Arctic

Caribou perceive UV light in the dim Arctic night

Reindeer — the domestic cousins of the wild caribou that roam Alaska, Canada and Russia by the hundreds of thousands — can perceive ultraviolet light invisible to humans, perhaps lending the species a stark evolutionary edge in its struggle to find food and avoid predators during the long, dark night of Arctic winter.

A new study by a team of European and Australian scientists suggests that these "wandering deer of the North" would be able to see lichen — an essential winter food — as black against the lighter background of snow because the plant absorbs UV radiation. Even more dramatic, they would also see splashes of urine on the ground — a startling if not splotchy signal that predators likes wolves may be prowling nearby.

"Since migrating to the Arctic 10,000 years ago, these animals have adapted incredibly quickly," lead author Glen Jeffrey explained in a story published last month by New Scientist. "Very few mammals see UV light. Rodents do and some species of bat do but we have no idea why they have developed this capability. This is the first time we have got a real handle on why a mammal uses UV light."

It's as though caribou eyes come equipped with their own CSI-style bodily fluid detectors that take advantage of the blue-hued, UV-rich Far North environment.

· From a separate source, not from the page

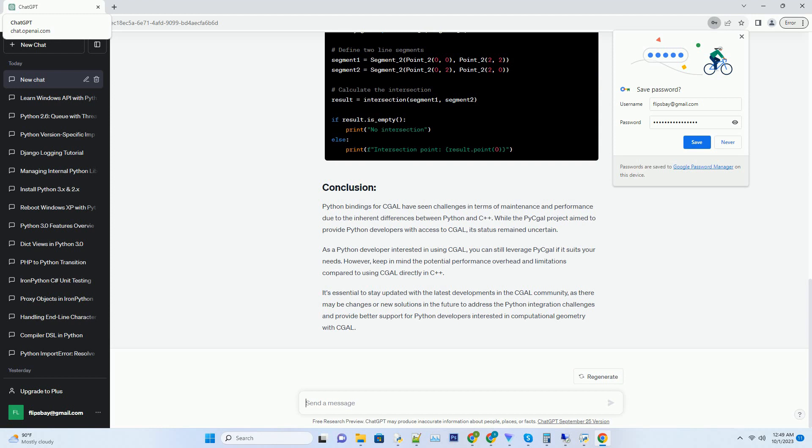Please verify if there have been any updates or changes since then. The Python bindings for CGAL have historically been maintained as a separate project called PyCAL or CGAL Python. These bindings aim to provide Python developers with access to CGAL's geometric algorithms and data structures, allowing them to work seamlessly with CGAL in Python applications. However, the development of PyCAL faced several challenges.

Likewise, they would see the sign and fur of other animals, as well as subtle variations in snow conditions — all very helpful to a critter trying to make it through the dim Arctic winter without starving or getting consumed.

"We discovered that reindeer can not only see ultraviolet light, but they can also make sense of the image to find food and stay safe," explained Jeffrey, a neuroscientist with the Institute of Ophthalmology at University College London, in this online story. "Humans and almost all other mammals could never do this as our lenses just don't let UV through into the eye."

But the results raise some questions. Do the other Arctic mammals immune to UV-triggered snowblindness have the same perceptual abilities? And how would UV-seeing critters like caribou react when new human oil field development floods their formerly dark winter environment with light — perhaps including UV light that people don't realize they've produced?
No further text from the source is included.